Scientists investigating a compound called 'Y-ball' -- which belongs to a mysterious class of 'strange metals' viewed as centrally important to next-generation quantum materials -- have found new ways to probe and understand its behavior.
Scientists investigating a compound called "Y-ball" - which belongs to a mysterious class of "strange metals" viewed as centrally important to next-generation quantum materials - have found new ways to probe and understand its behavior.
The results of the experiments, aided by the insights of theoretical physicists at Rutgers, could play a role in the development of revolutionary technologies and devices.
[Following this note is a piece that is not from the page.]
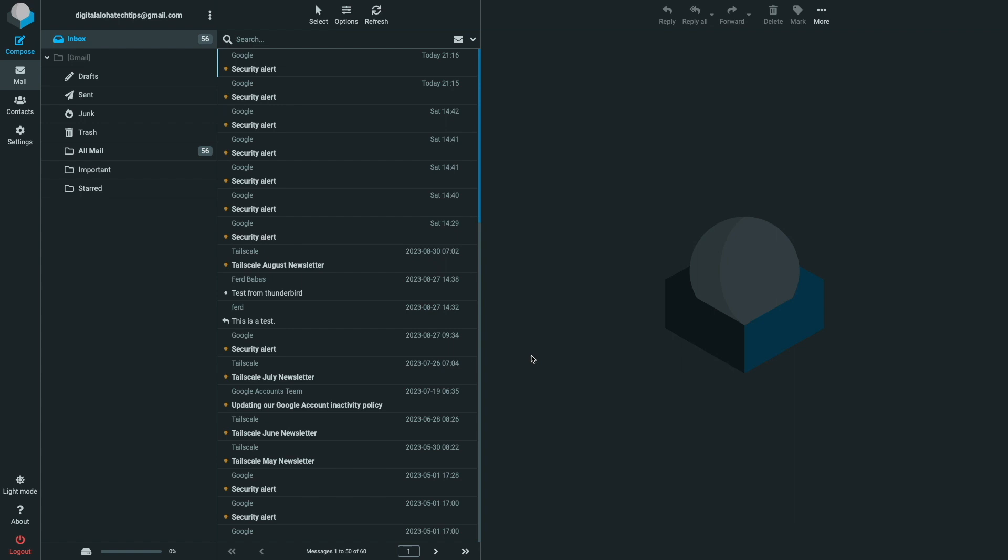You may also want to connect to Roundcube Webmail remotely to check your email while on the go, and if this is something you would like to configure, I'd suggest either configuring a VPN connection or setting up a reverse proxy, which I cover in these videos listed here on screen.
"It's likely that that quantum materials will drive the next generation of technology and that strange metals will be part of that story," said Piers Coleman, a Distinguished Professor at the Rutgers Center for Materials Theory in the Department of Physics and Astronomy at the Rutgers School of Arts and Sciences and one of the theoreticians involved in the study. "We know that strange metals like Y-ball exhibit properties that need to be understood to develop these future applications. We're pretty sure that understanding this strange metal will give us new ideas and will help us design and discover new materials."
Reporting in the journal Science, an international team of researchers from Rutgers, the University of Hyogo and the University of Tokyo in Japan, the University of Cincinnati and Johns Hopkins University described details of electron motion that provide new insight into the unusual electrical properties of Y-ball. The material, technically known as the compound YbAlB4, contains the elements ytterbium, aluminum and boron. It was nicknamed "Y-ball" by the late Elihu Abrahams, founding director of the Rutgers Center for Materials Theory.
The experiment revealed unusual fluctuations in the strange metal's electrical charge. The work is groundbreaking, the researchers said, because of the novel way the experimenters examined Y-ball, firing gamma rays at it using a synchrotron, a type of particle accelerator.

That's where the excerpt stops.